As I said, I concealed this for ten years and we have been married for 14. During the last four years I have been struggling with my wife to work out our relationship and repair the damage that one night stand and my subsequent lies have caused. I have done everything I can to show her that I want to be with her and that we can have a great life together. She has been unreceptive to everything.

About six months ago, I stopped trying to make things better. We do not fight or argue any more. That stopped about two years into the reconciliation process. The problem is now that after trying so hard to win my wife's love and being rejected and pushed away again and again, I have fallen out of love with her. She is now receptive to mending our marriage, but I am not.

Our roles have reversed. I have told her that I am considering moving out because I literally feel nothing. I am emotionally exhausted and I do not have the capital to reinvest into our relationship. The only emotion I feel right now is the remorse for the loss of the love we once held for each other.

I have started looking for another place to live, but I am hesitant to move out. Our entire lives have been about one another. I have tried to get her to go to counseling for years and she has refused to do so, saying that I need counseling; not her. Now that I have told her I plan on leaving she is suggesting counseling. Why am I unreceptive to this notion now? It was my idea initially and she scorned the suggestion. Shouldn't I be happy that she wants to make it better? Instead I find myself wondering why I didn't take the chance to break off the marriage earlier.

She previously moved out for about two months and then decided to come back. She says it was because she decided she wanted to be with me;. When she moved back in I still wanted to have our life together. The marriage just didn't get better. I broke her trust in me and it never came back.

I think I want to end this marriage, but I can't bring myself to tell her I am leaving. I am not happy. I haven't been truly happy in years. She has been miserable as well, initially because of the pain I caused and now for the pain I may cause by leaving. I love my wife. She is my best friend, but I do not feel that I love her as I used to....when we were "in love."

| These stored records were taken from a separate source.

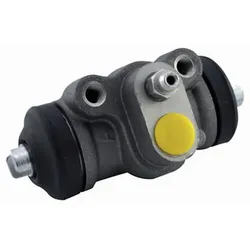 Radbremszylinder VALEO 400782 für Kia Rio I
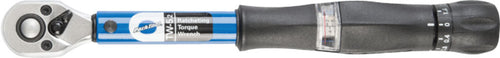 Park-Tool-Ratcheting-Click-Type-Torque-Wrench-Torque-Wrench_TL5418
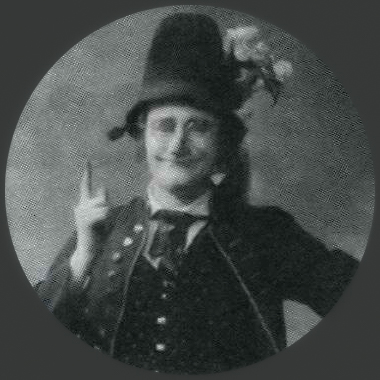 Witold Szeller
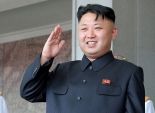 زعيم كوريا الشمالية يتمنى افتتاح مطعم يقدم 
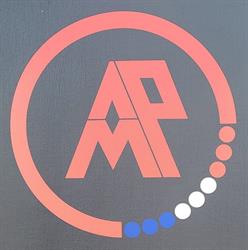 Metalpart - serrurerie métallerie pour particuliers et professionnels, Bussières - Horaires d'ouverture
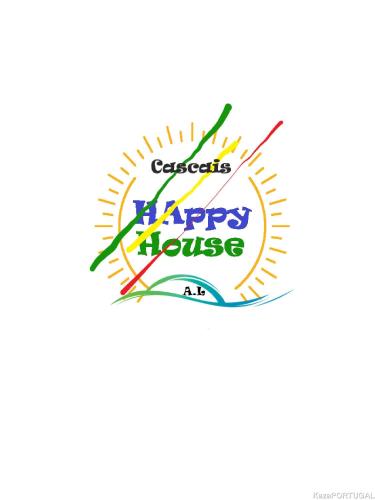 HAppy House - image 2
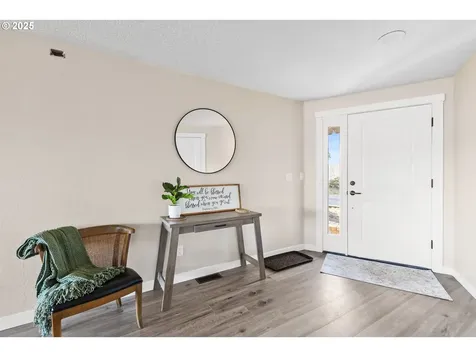 6497 Garden Valley Road Roseburg OR 97471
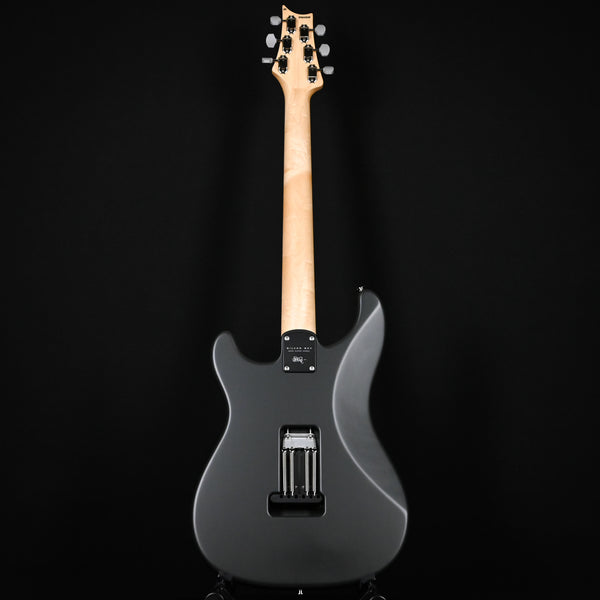 PRS Silver Sky John Mayer Signature Electric Guitar- Faded Black Tee (0400243)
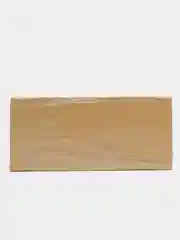 Пластилин скульптурный BRAUBERG ART CLASSIC телесный, 1кг, твердый, 106527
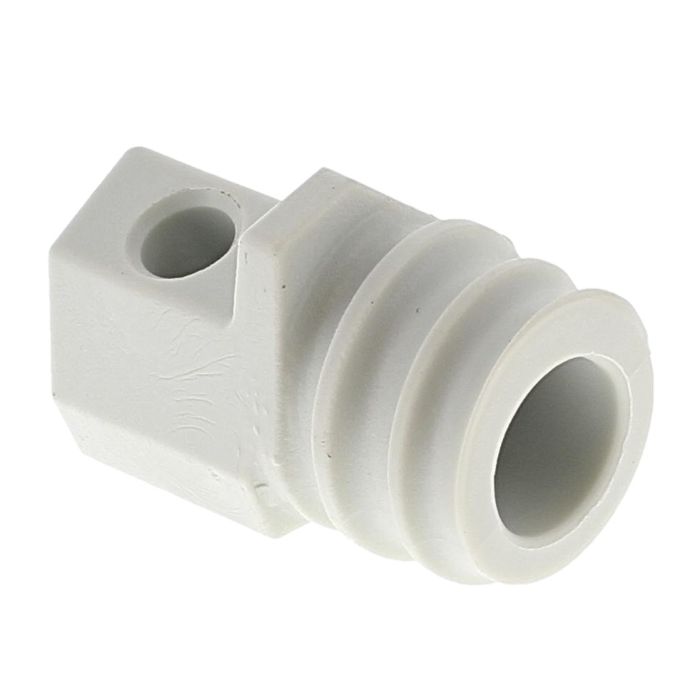 STIHL AV mount 11407922903 / 1140 792 2903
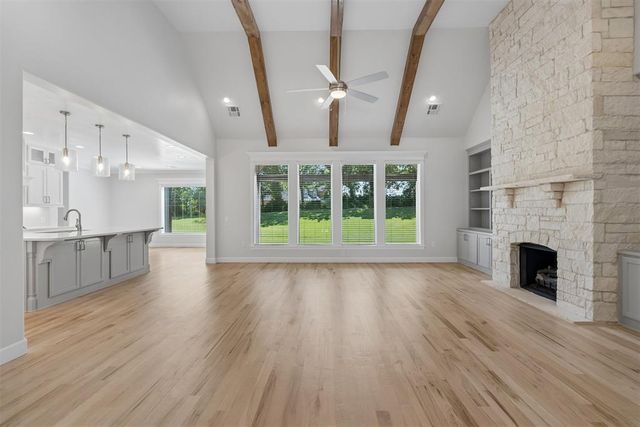 29820 E Ridge Road, Norman, OK 73072
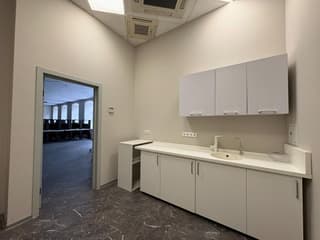 Аренда помещения свободного назначения 384,1 м², Смоленский б-р, 4, фото 7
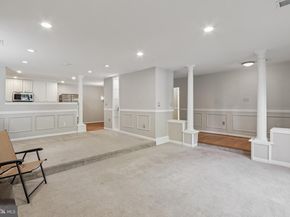3769 Persimmon Circle, Fairfax VA 22031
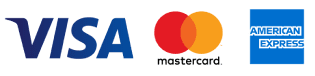 payment-logos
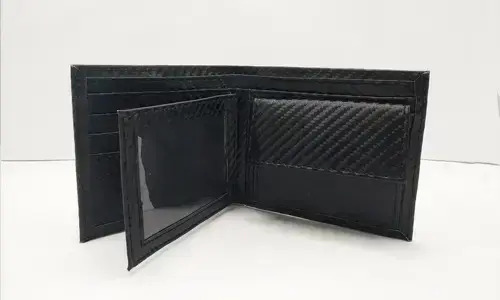 gallery-wallet-leather-epoxy-carbon-3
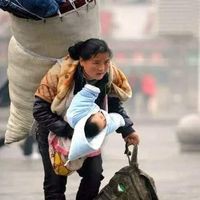 Profile Picture of Quy Lam (@quy-lam-9) on Quora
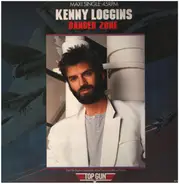 Kenny Loggins - Danger Zone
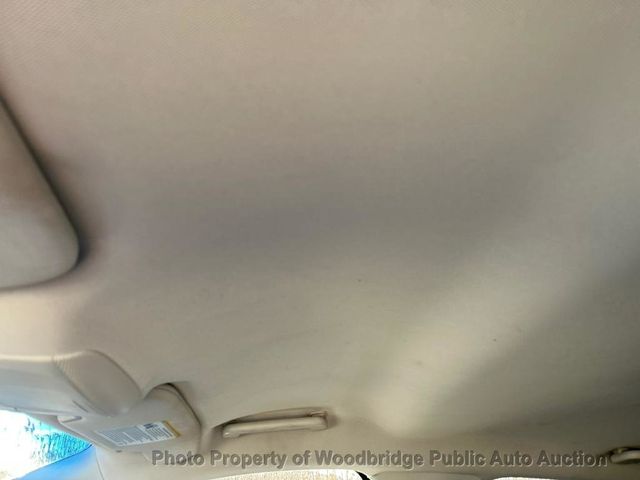 2016 Ford Edge 4dr SE AWD - 22965058 - 9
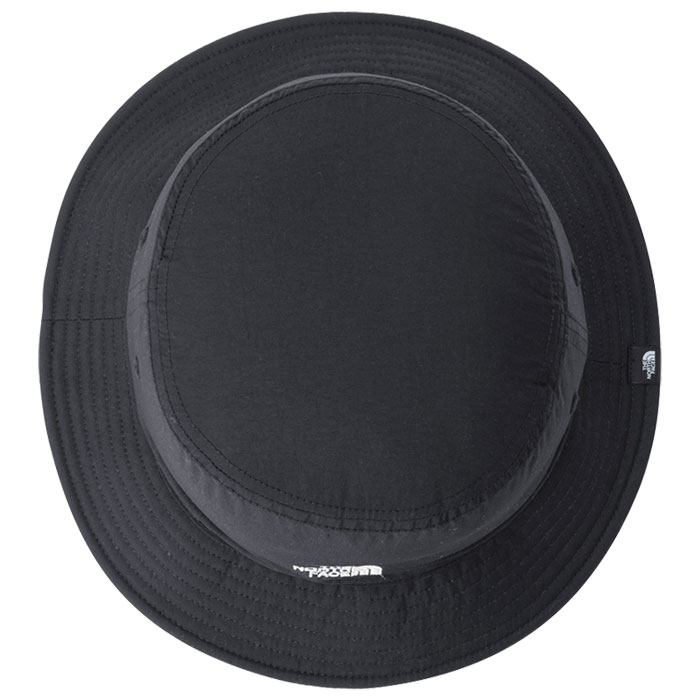 THE NORTH FACE ザ ノースフェイス キッズ リバーシブルフリース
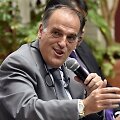 Javieras Tebas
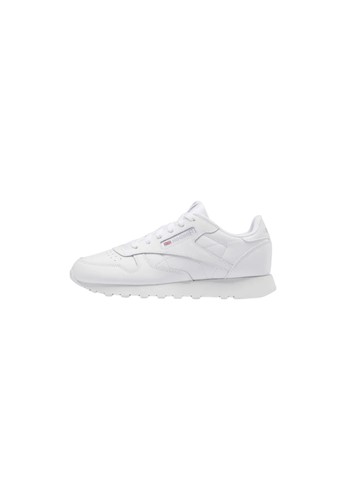 Sneaker reebok classic leather - sneaker,
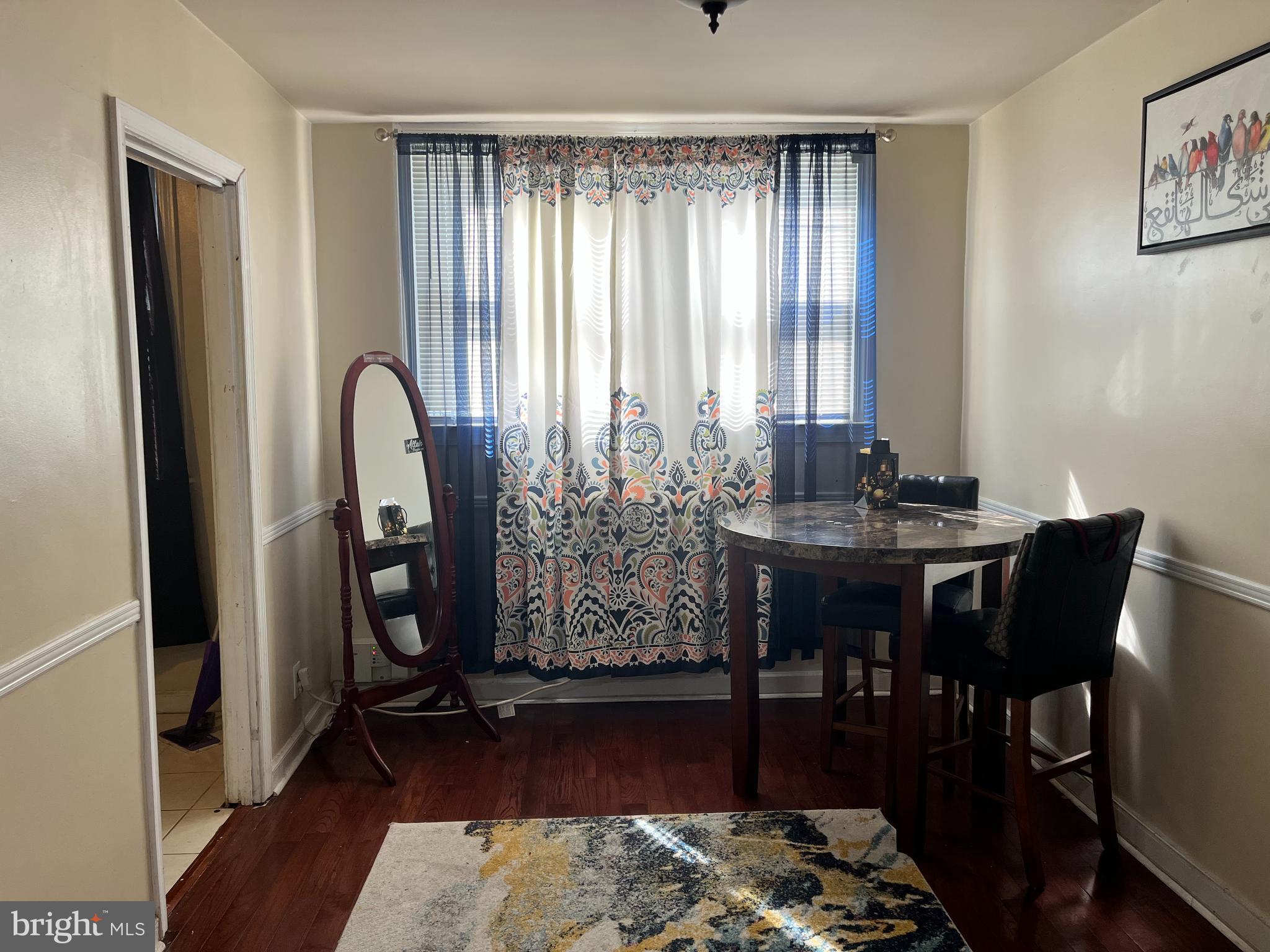 WISSINOMING - Residential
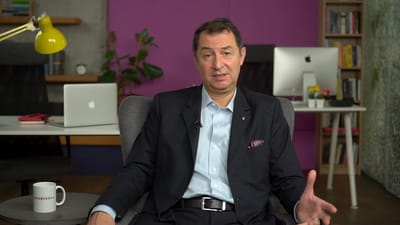 https://video.neoskola.net/lesson-thumbnails/i6Bayc5XJdjDYxaSy-1756641062973.jpg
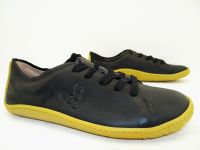 VivoBarefoot Addis Sneaker Barfußschuhe Damen 35-36-37-40 Hessen - Stadtallendorf Vorschau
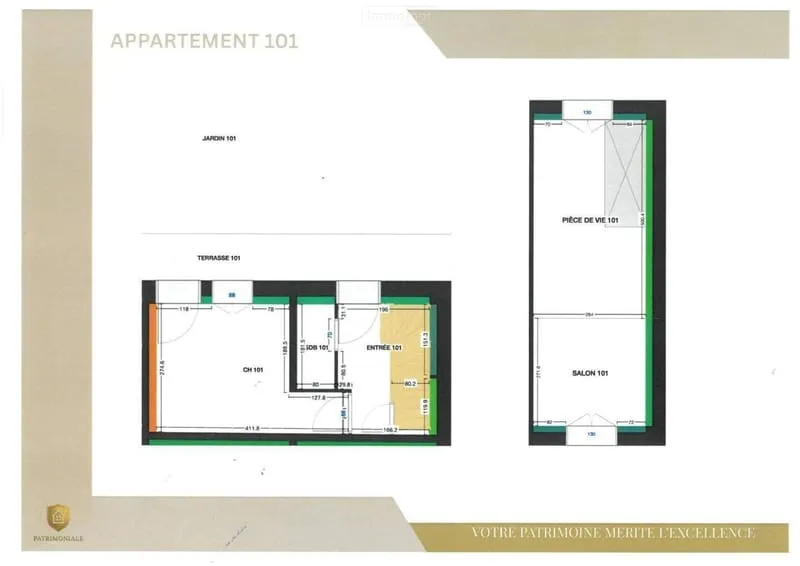 Photo 2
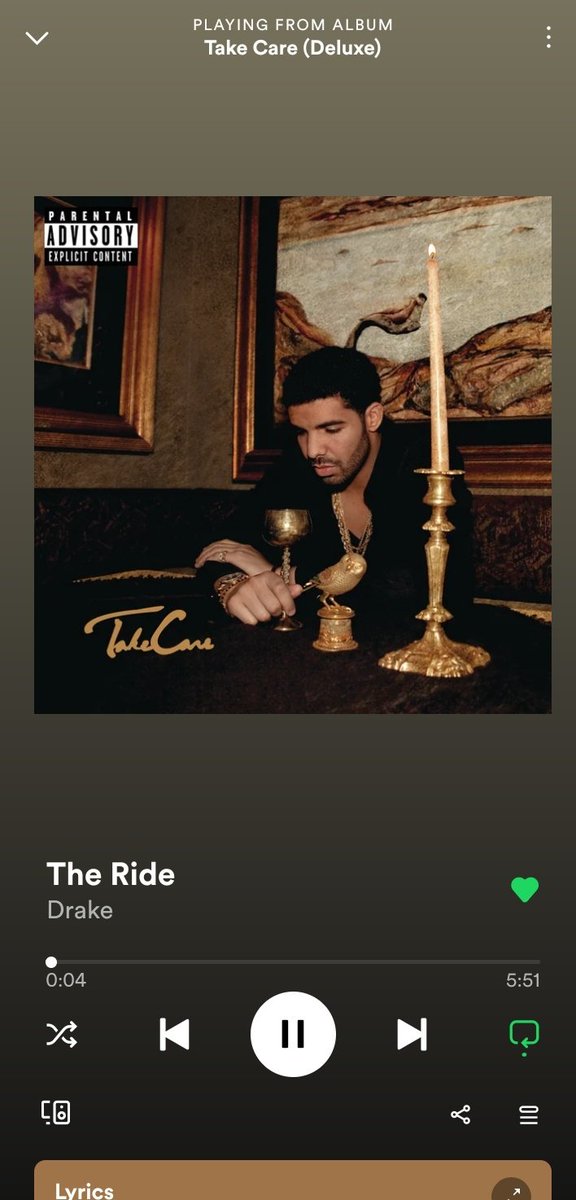 TheWelfareDonky's tweet photo. The weeknd and drake are currently 4 for 4, we need an ovoxo album
https://t.co/q8kKgzV1sb https://t.co/5q2wErBQru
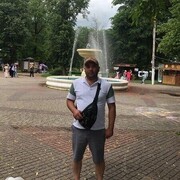 ���������� �����, ���� ������� ������, 36 ���, ������������ ��� ������, ����� � ���������, c�������� ���������, ���������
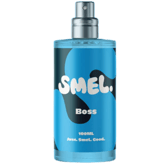 SMEL. Boss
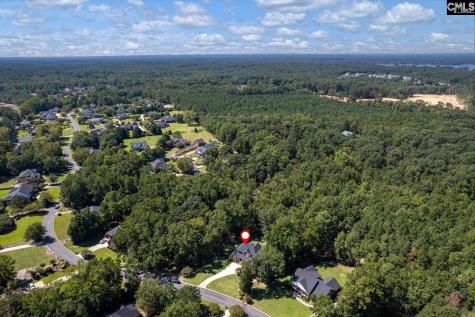 212 Kelsey Glen Drive Lexington SC 29072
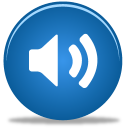Digitalisering oppstart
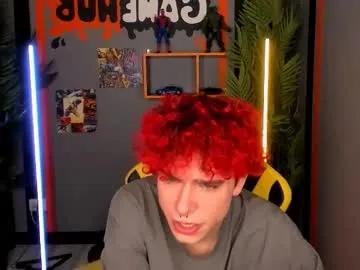 blalz_vok — take off shorts #teen #twink #bigcock #young #cum Hi, I'm really bored today, let's have some fun with my dick and a [58 tokens remaining]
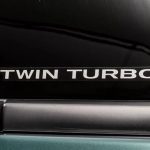 Used-1997-Mitsubishi-3000GT-VR-4-1684181536-7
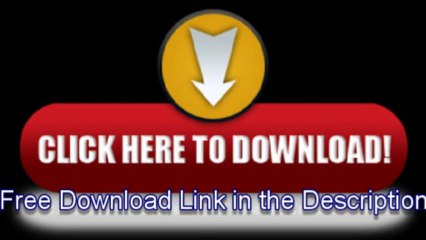 Hendrik Pieter Strauss - Premium Wordpress Subscription Plugin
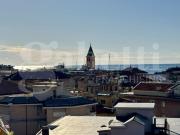 Appartamento Chiavari. Rif.: Cod. rif 3256212VRG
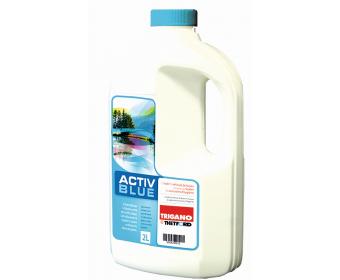 Active Blue 2 Liter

Physical contact with her has always been a manifestation of my emotinal feelings toward her. I would always touch her whenever I was within arms reach. I would walk across the house just to hug her. Now as we sit on the couch together I can't bring myself to put my arm around her. It feels fake to me and I don't want to make her think everything is ok when it isn't.

I need some advice. I know I have not captured everything that is necessary to formulate an opinion that might help, but these are the highlights that I hope will get me some insightful and helpful comments. Other than the one night stand before we were married, there has been no infidelity in our relationship.


----------



## HerToo (Oct 3, 2011)

Wow! This is almost an exact copy of what I posted a few weeks ago.

First, is there anyone else in your life right now?

Second, go to counseling. You need to understand your feelings.

I'm right there with you. But I'm at least in counseling.

Good luck!


----------



## HelpMeFigureThisOut (Nov 28, 2011)

HerToo - No, there is no one else in my life. Thanks for the advice. I will look into counseling before I take action to end the marriage. I would like for it to work out, but I would also like for it to end. I guess that's what the counselors are for.


----------



## HerToo (Oct 3, 2011)

I also love my wife, but I lack the passion that I once had for her. I care for her well being, and asking for a divorce would crush her. I get closer to "wanting it to end" each day. But I have to try saving it. 

We grew apart some time ago. I compounded the problem by having an affair. I'm glad you didn't have an affair. It makes things worse for both.

Good luck!


----------